System and Method for Automated Prediction of Event Probabilities with Model Based Filtering

Info

Publication number: 20220269986
Type: Application
Filed: Feb 23, 2021
Publication Date: Aug 25, 2022
Inventor: Anton Filikov (Burlington, MA)
Application Number: 17/249,177

Abstract

The invention relates to methods of determination of probabilities of events. A probability score is calculated for a data point if the point is classified as “predictable” by a pre-filter model. The score indicates probability of a certain type of event. In addition, methods are disclosed that teach how to build the sub-models and the meta model. The invention discloses a meta model with model-based pre-filtering that takes a set of other (non-meta or meta) “algorithms” and constructs a new algorithm out of those. The meta-model combines other models that predict two different labels: The 1st sub-model learns predictability. The 2nd sub-model is used to filter out “unpredictable” points from new data. The “predictable” part of the data flows into the 3rd sub-model (trained on “predictable” data) that predicts probability score.

Description

Description

TECHNICAL FIELD

The invention relates generally to systems and methods of using predictive computational modeling techniques in the field of calculating probability scores of events in various industries, projects, applications and material processes.

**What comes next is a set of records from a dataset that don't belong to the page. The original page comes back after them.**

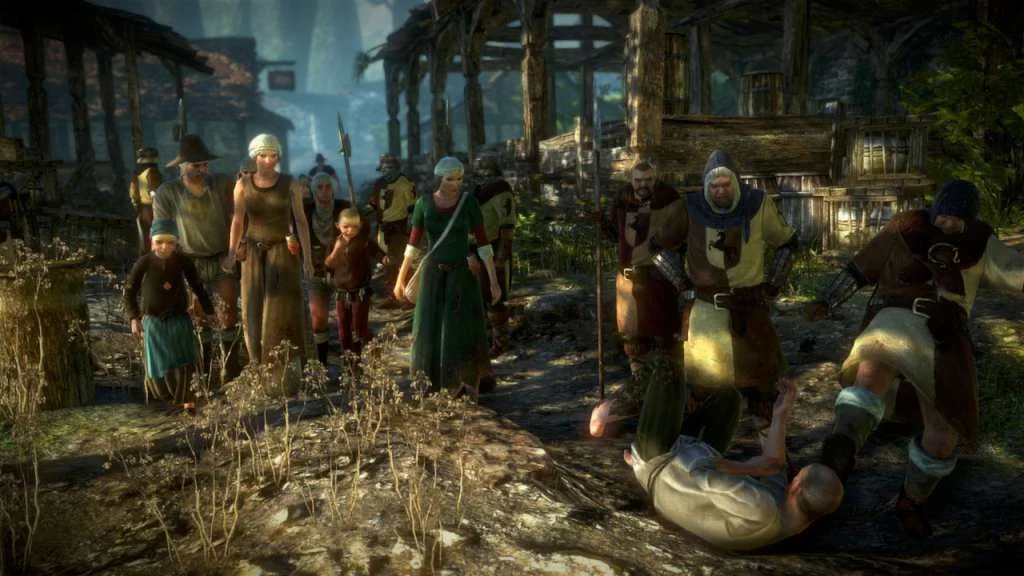 Witcher 2 alchemy on the belt before a fight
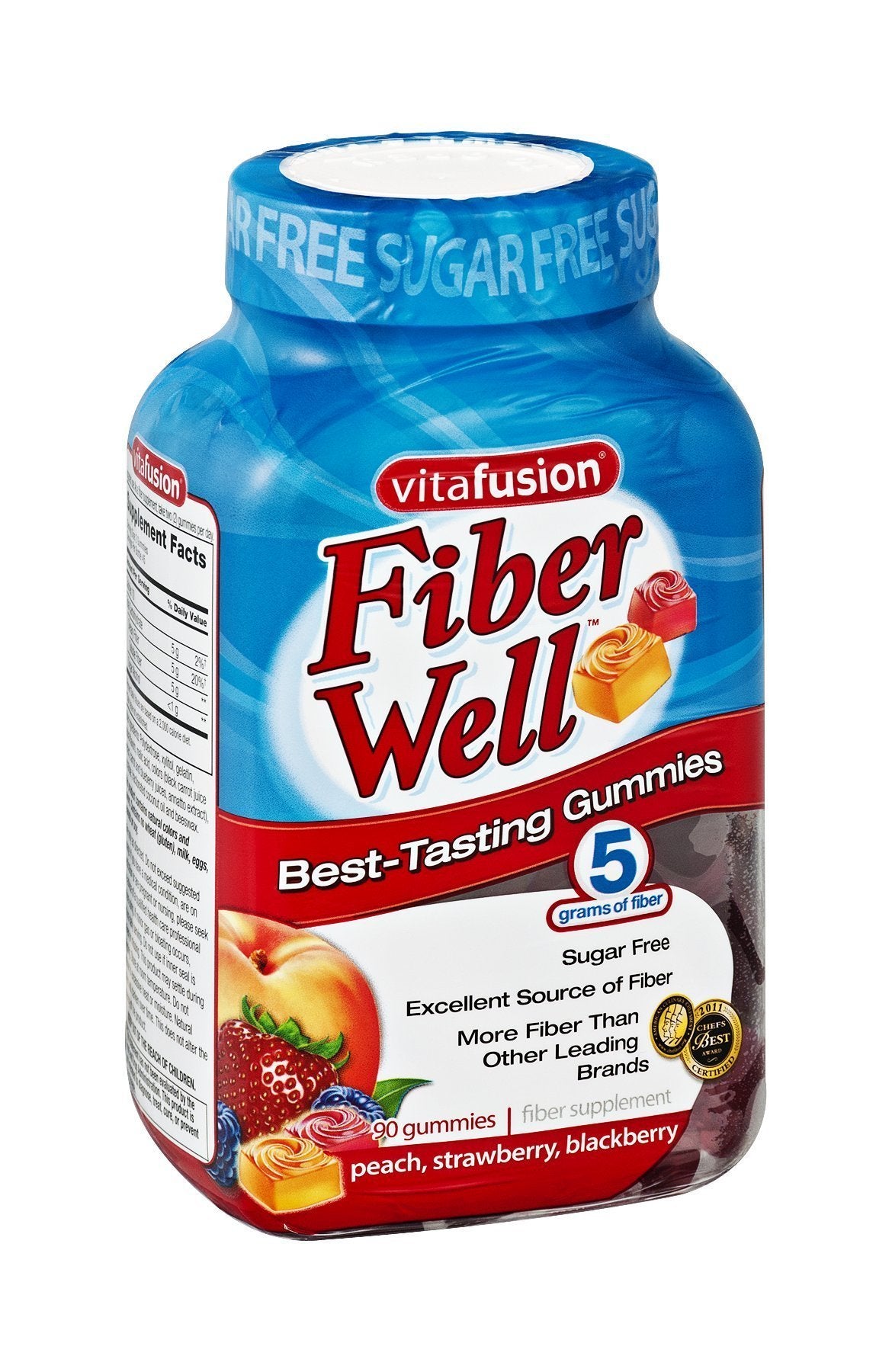 Vitafusion Fiber Gummies (90 Count)/12pk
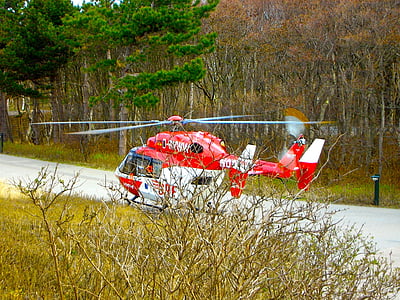 rescate, helicóptero del rescate, Aviación, uso, coche, deporte, velocidad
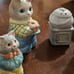 Avon Collectibles Cat Salt & Pepper Shakers Sugar Bowl Cream Porcelain Vtg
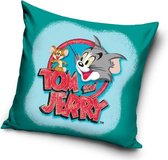 Tom and Jerry - Sierkussen Kussen 40 x 40 cm (inclusief vulling met ritssluiting)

The SCL model is capable of improving some performance metrics, but these improvements are only provided for a part of the data set that is “easier” to predict.

BACKGROUND

In many applications it is important to predict probabilities of certain type of events with high quality. Examples of predictive models used for this purpose can be (but not limited to) binary or multi-class classifiers. Often known predictive methods are only capable of providing predictions of a certain quality that is lower than desired. In such situations the system and method disclosed in the current invention can be used to calculate a higher quality probability scores.

SUMMARY

The present invention relates to a system and method of the quantitative determination of probabilities of events. A probability score is calculated by a predictive model for a data point if the data point is classified as “predictable” by a predictive pre-filter model. The probability score is then used to identify whether the data point is likely to experience a certain type of event. In addition, methods are disclosed that teach how to build the predictive pre-filter model and the final predictive model.

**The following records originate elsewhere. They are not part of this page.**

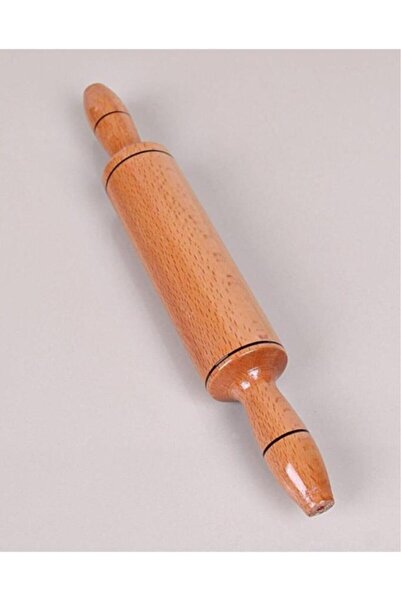 abnturk Büyük Boy Kayın Ağacı Hamur Açma Merdanesi 48 cm Ahşap Cilalı Merdane...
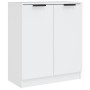 Aparadores 2 uds madera contrachapada blanco 60x30x70 cm de vidaXL, Aparadores - Ref: Foro24-3115772, Precio: 128,84 €, Descu...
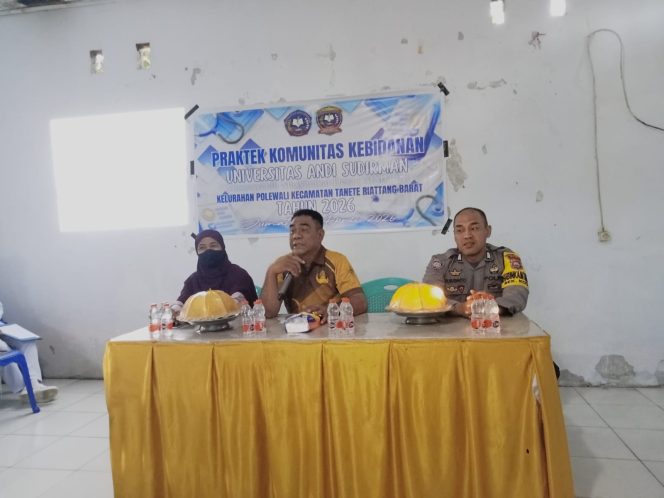 
 Bhabinkamtibmas Hadiri Musyawarah Masyarakat Desa (MMD II), Dukung Kegiatan Praktek Komunitas Kebidanan di Kelurahan Polewali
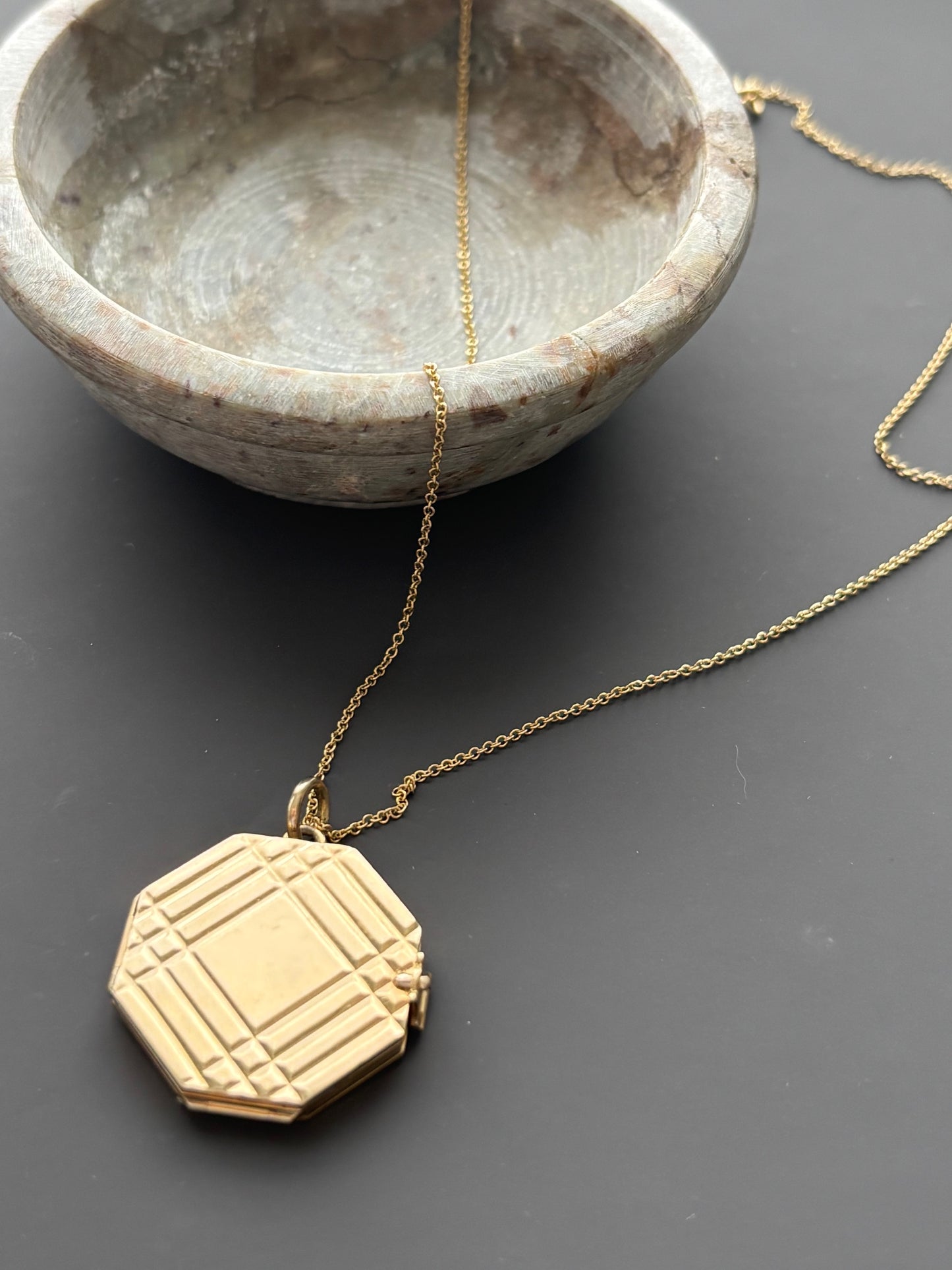 14k Mini Curb Chain and 4 way folding Pendant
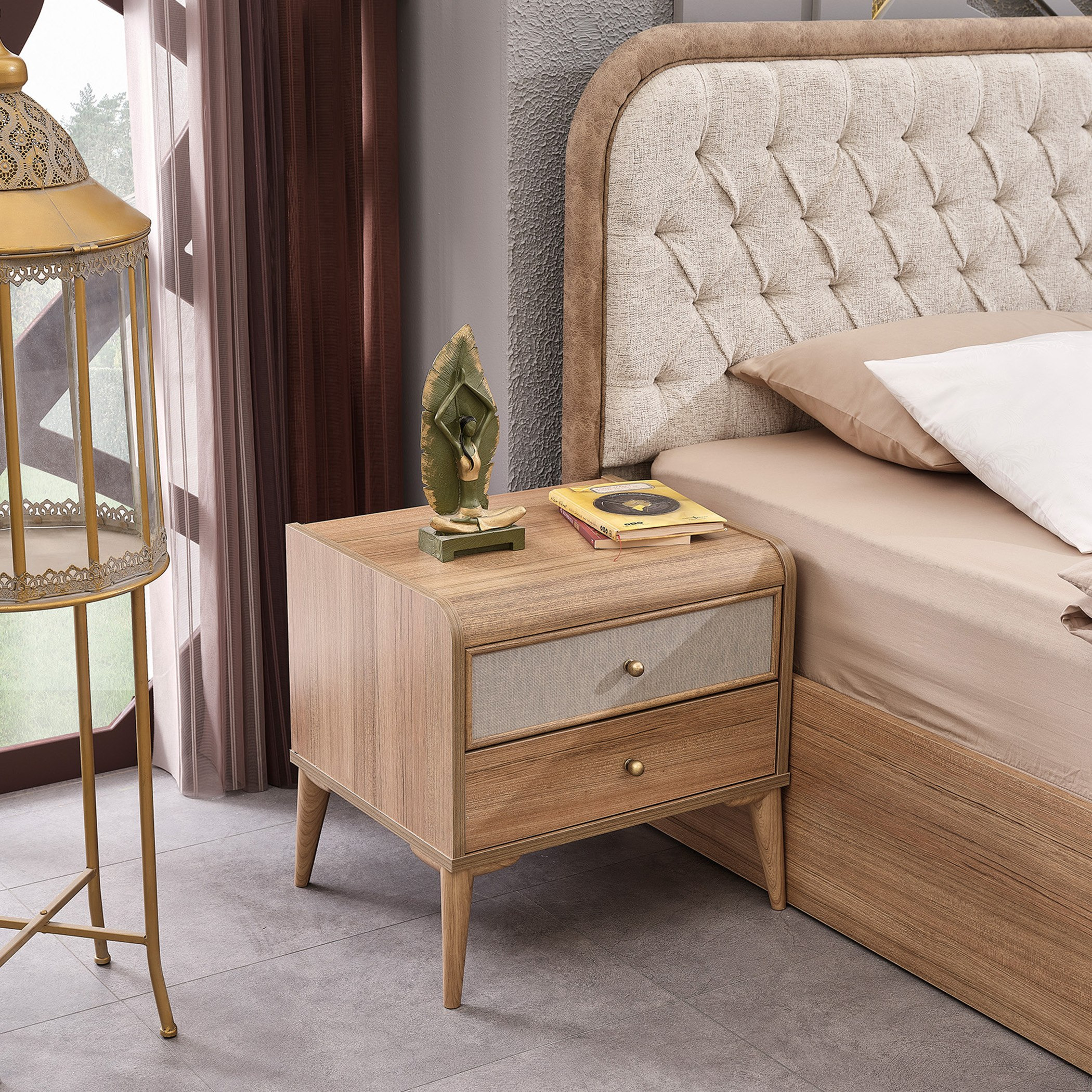 طقم غرفة نوم كينج 6 قطع من لوريتا- 180x200 سم-hbxbedroom-bedsandbedsets-bedroomsets-king-image-16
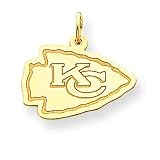 14K Kansas City Chiefs Med Arrowhead Charm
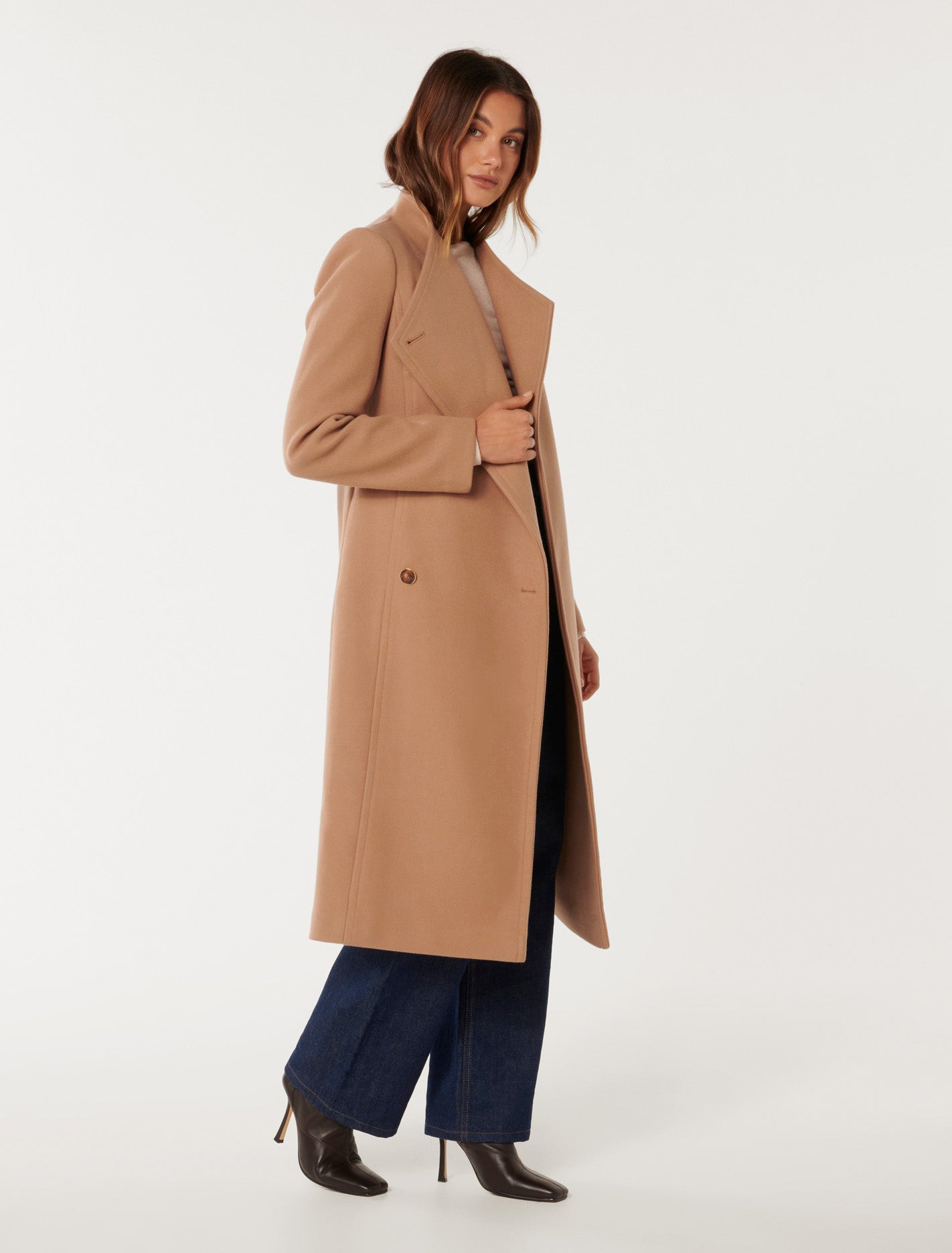 Ari Funnel Neck Coat Forever New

BRIEF DESCRIPTION OF THE DRAWINGS

The method and system according to the invention will now be described in more detail with regard to the accompanying figures. The figures show one way of implementing the present invention and is not to be construed as being limiting to other possible embodiments falling within the scope of the attached claim set.

FIG. 1. This flowchart shows how regular predictive models are built on a training data set and run to make predictions for new data points.

FIG. 2. This flowchart shows how predictive model with model-based pre-filtering is built on a training data set and run to make predictions for new data points.

FIG. 3. ROC curves for 5 runs of regular random forest model.

FIG. 4. ROC curves for 5 runs of MMBPF meta-model with threshold of predictability=0.5.

FIG. 5. ROC curves for 5 runs of MMBPF meta-model with threshold of predictability=0.7.

FIG. 6. ROC curves for 5 runs of MMBPF meta-model with threshold of predictability=0.8.

DETAILED DESCRIPTION

Regular predictive models are built on a training data set and used to make predictions for new data points (see FIG. 1). The current invention describes a novel approach that may give better predictions for new data points because it uses a model-based pre-filtering to separate new data point into predictable and unpredictable so that better predictions can be made for the predictable data points (see FIG. 2).

The model with model-based pre-filtering uses three sub-models (see FIG. 2):

- Sub-model 1 (built on training set) classifies data points into “predictable” and “unpredictable”,
- Sub-model 2 (built on all data points from the training set) classifies new data points (test set) into “predictable” and “unpredictable” and
- Sub-model 3 (built on “predictable” subset of the training set) predicts the event probability score for the subset of the test set classified as “predictable” by Sub-model 2.

The model with model-based pre-filtering (MMBPF) is a meta-model since it takes a set of other (non-meta or meta) “algorithms” and constructs a new algorithm out of those. Examples of known meta-algorithms are: multiplicative weights, weighted majority, boosting, bagging, stacking, ensemble averaging, voting. The MMBPF model may be homogeneous or heterogeneous.

DIFFERENCE BETWEEN MMBPF AND KNOWN META-MODELS. All known meta-models construct new models by combining other models that predict the same target/label. The MMBPF meta-model has a different design—it constructs new models by combining other models that predict two different targets/labels: The 1st sub-model learns predictability. This sub-model is used to filter out “unpredictable” points from test (or new) data. The “predictable” part of the data flows into the 3rd sub-model (trained on the “predictable” fraction of the training set) that predicts the target/label of interest (e.g. probability of an event).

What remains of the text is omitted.